After a terrifying word on Dante, Lewis warns the bereaved reader:
Of this we’re certain; no one who dared knock
At heaven’s door for earthly comfort found
Even a door — only smooth, endless rock,
And save the echo of his cry no sound.
It’s dangerous to listen; you’ll begin
To fancy that those echoes (hope can play
Pitiful tricks) are answers from within;
Far better to turn, grimly sane, away.
And Lewis isn’t the only one. Jerry Sittser writes about his great loss and says it made God seem “terrifying and inscrutable, as a towering cliff in winter.” Another poet writes of God as a rock face, a massive cliff, unmoved by the sea that shatters into spray and mist when it meets Him.
Each of these authors is wiser and better than I, and I trust the truth of what they say. But as I am thrown against God in my grief, He is not “smooth, endless rock” nor is He a towering cliff. I do not break like the waves; I throw myself at Him and am held close in strong arms. He is a father, giant and gentle, holding a very small girl who, in her confusion and terror and pain, flies at him with her fists.

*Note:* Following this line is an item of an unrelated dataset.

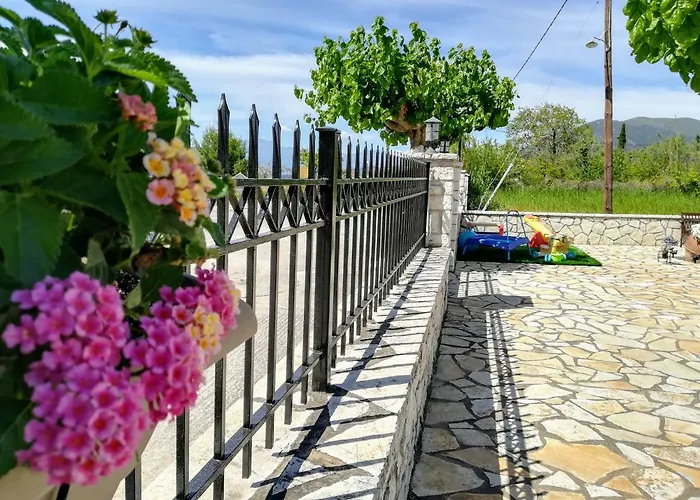 Guest house Eleftheria's Eratini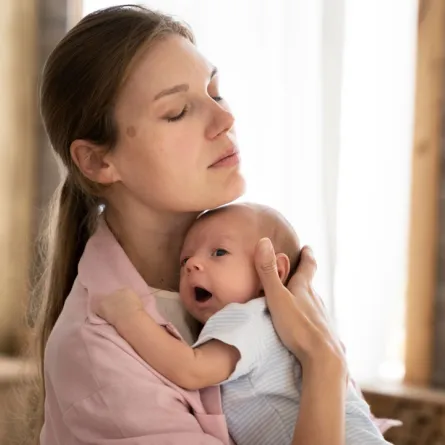 صورة لأم تحمل مولودها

She punches and kicks and screams, and he lets her, absorbing every hit until her rage is spent.
He waits until she is exhausted and will lie still. He said nothing while she fought him because you can’t reason with a child in that state, and she would not understand. Once she is quiet, her face wet and limbs shaking, he will whisper something, repeat a phrase of wounded love.
I don’t know why I get the experience of a raging child to a father and others have the experience of a raging sea to the cliff. Nothing about any of this is fair, and it doesn’t go by any rules that I can figure. Maybe the weaker and lesser get the softer treatment. But I have given up understanding, and my rage is (for the moment) spent. I will lie here a little longer, still confused and hurting, but quieted by His love.